How to Get a Good Night's Sleep In Your Hut

Ndiouma Diome's second instalment of village how-to work!

+ First get yourself a hut and maybe a nice little back yard space. This is similar to that other hut, you know, where you killed that mouse, snly you have grown up a bit, and formulated a better, more sustainable plan.

+The situation- As has been pointed out to you on numerous occasions, your hut is a veritable animal kingdom. Flys and mosquitos, or course, but also armies of ants and termites, ochestras of crickets, and all manner of other creepy crawly insects. Wasps take regular tours of your room, one style likes to bore holes into your roof beams, another prefers to make little mud hovels instead, still another just seems to like buzzing arround manaicly, irregardless of who is eating what kind of enjoyable breakfast. They come in through the rather large gap that runs around the circumference of the room, between the top of the wall and the bottom of the thatch. The wasps especially like to come in that way then make a noisy ordeal over trying to go out though the screen doors. And the screens on both doors are in bad shape anyhow. Children have poked at them so much that they are frayed and pulled apart at the edges. And the thatch is falling apart. At least it looks that way on the inside, with bits hanging down and falling off making a continual mess over everything. It even leaked last rainy season. Animals like to burrow through it, even make nests in it.

Through all this time, your hut has seen a fair share of lizards, geckos, frogs, rats, mice, a couple unlikely bats, a few snakes, several confused birds, a good sampling of the insect and arachnid sub-phylums, and even a couple of tragically lost chickens and at least one goat. Oh, and a cat, but its ok, he's cool.
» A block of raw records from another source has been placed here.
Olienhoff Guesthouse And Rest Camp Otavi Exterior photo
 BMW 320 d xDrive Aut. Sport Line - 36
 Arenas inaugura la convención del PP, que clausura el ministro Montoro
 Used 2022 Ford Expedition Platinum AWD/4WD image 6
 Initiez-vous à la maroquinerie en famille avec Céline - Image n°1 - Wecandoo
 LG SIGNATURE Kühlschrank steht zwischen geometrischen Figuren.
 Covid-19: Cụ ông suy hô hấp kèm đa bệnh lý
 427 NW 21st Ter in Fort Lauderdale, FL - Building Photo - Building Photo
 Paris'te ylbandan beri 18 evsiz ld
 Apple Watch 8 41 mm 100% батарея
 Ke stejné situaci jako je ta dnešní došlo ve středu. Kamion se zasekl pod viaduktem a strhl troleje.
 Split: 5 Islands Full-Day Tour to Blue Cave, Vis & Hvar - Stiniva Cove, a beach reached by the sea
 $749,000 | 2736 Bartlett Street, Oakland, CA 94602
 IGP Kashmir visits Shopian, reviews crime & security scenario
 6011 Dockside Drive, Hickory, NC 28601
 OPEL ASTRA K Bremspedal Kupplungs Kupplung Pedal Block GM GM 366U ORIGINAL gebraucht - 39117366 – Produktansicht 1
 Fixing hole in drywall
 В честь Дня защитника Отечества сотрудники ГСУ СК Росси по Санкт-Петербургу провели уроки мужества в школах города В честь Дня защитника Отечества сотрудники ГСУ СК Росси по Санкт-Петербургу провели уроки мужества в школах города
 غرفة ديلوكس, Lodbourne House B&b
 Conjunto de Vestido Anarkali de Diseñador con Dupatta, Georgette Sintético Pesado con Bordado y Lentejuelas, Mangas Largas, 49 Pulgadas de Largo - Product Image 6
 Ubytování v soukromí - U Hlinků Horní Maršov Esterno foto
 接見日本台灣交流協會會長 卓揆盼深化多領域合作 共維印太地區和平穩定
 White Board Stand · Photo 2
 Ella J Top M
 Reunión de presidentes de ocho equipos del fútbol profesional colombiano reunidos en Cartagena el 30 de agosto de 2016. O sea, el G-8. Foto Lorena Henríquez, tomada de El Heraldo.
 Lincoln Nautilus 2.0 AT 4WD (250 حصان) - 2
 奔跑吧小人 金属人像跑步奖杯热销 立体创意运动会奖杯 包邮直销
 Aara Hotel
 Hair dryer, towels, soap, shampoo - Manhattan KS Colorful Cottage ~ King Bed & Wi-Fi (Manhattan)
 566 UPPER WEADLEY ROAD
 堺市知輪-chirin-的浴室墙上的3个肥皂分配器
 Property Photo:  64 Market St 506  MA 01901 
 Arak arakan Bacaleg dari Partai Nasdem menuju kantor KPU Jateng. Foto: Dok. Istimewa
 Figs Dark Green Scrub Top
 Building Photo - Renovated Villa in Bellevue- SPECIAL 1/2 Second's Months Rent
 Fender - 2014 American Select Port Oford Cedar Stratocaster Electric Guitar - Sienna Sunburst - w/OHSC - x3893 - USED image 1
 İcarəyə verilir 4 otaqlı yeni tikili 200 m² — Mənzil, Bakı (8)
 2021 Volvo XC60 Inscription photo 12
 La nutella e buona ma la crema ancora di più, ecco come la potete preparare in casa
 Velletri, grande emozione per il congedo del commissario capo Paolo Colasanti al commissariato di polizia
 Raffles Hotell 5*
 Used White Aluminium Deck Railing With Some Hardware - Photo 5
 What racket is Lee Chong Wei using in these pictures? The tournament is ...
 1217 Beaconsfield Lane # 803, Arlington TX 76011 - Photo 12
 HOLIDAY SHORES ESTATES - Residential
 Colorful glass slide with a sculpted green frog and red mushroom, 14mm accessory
Compounding this breachable-hut issue, is the regular breaching of you backyard. It is to the point where you think you spend more time fixing, repairing, rebuilding your stick fence, then you do interacting with your neighbors. You dread long trips that may last multiple days because of how bad it could be, no, how bad it will be when you get back. It starts small enough - a chicken (stupid chickens) will go on a bug hunting spree and dig out an area around the base of your fence, maybe enough for a chick or two to squeeze under. At night a rat may enlarge this hole or pay no mind to the dirt and just break off the clump of sticks above it. Durring the day, the cat finds this a convinient lizard stalking avenue and widens the hole. Chickens come in and can never, ever, seem to remember how the heck to get back out again. Goats see a well traveled opening and are stuborn enough to push on in through any space bigger than their head (and often smaller). Pretty soon, in the span of one morning, you can go from a tiny chick sized opening to a whole cow in your yard. Ok, maybe it has never come to a cow - thank your lucky stars your family doesnt own any.

And this doesnt even take into account the inconcievable actions of people. Kids see a walled off area as a challenge and a worhwhile game. But they are the least of the problem. Your fence is an old amalgomation of a bunch of pieces of fences and so, rightly it looks a bit rough, a bit haphazard. Your moms see this shambly ensemble as little more than a nice stand of dry organized firewood. They take from it liberally, nearly everyday, as my constant repairs indicate an inexhaustive supply. They also throw stuff up against it, rough firewood, stack things across it, bending and breaking it till it is no better than firewood. That is annoying to say the least.

Things need fixing.

+First things first. in your grand overhall, the first addition is a modest mouse trap. Expecting a bloody messy campaign of ridding the world of rodent terror, you are surprised, more than a little disapointed, and even relieved that not a single creature comes to harm from the trap (your fingers dont count). More than a couple hard candies and shiny bits of trash were carefully excised and added to a tiny hoard somewhere.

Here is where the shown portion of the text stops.